Transcribe this listing exactly; omit the pictures.

_DATA SECTION_
----------------------------------------
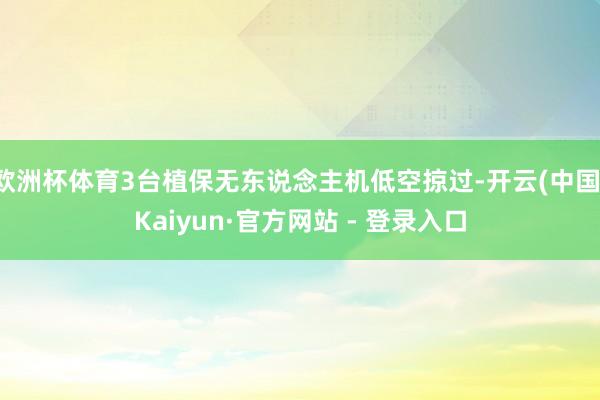 欧洲杯体育3台植保无东说念主机低空掠过-开云(中国)Kaiyun·官方网站 - 登录入口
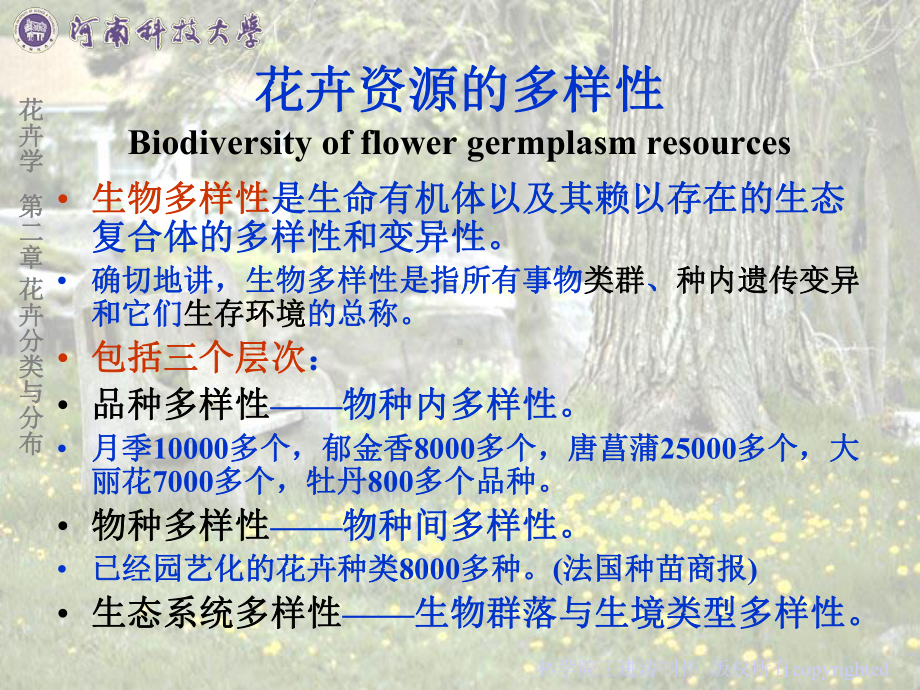 《花卉分类与分布》PPT课件.ppt_第2页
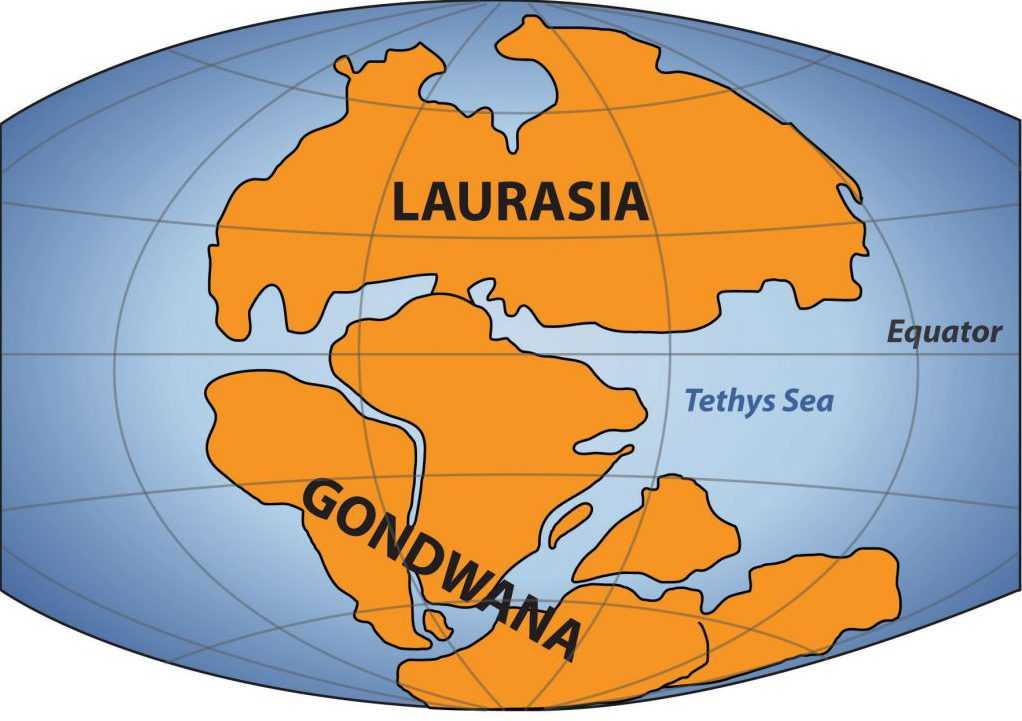Пангея – это сверхконтинент, который включал в свой состав почти всю суши Земли Однако и до Пангеи существовали иные континенты, из которых она образовалась Какое же название носил самый первый материк в истории нашей планеты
----------------------------------------
_THE COMPLETED TASK_
 欧洲杯体育3台植保无东说念主机低空掠过-开云(中国)Kaiyun·官方网站 - 登录入口
 《花卉分类与分布》PPT课件.ppt_第2页
Пангея – это сверхконтинент, который включал в свой состав почти всю суши Земли Однако и до Пангеи существовали иные континенты, из которых она образовалась Какое же название носил самый первый материк в истории нашей планеты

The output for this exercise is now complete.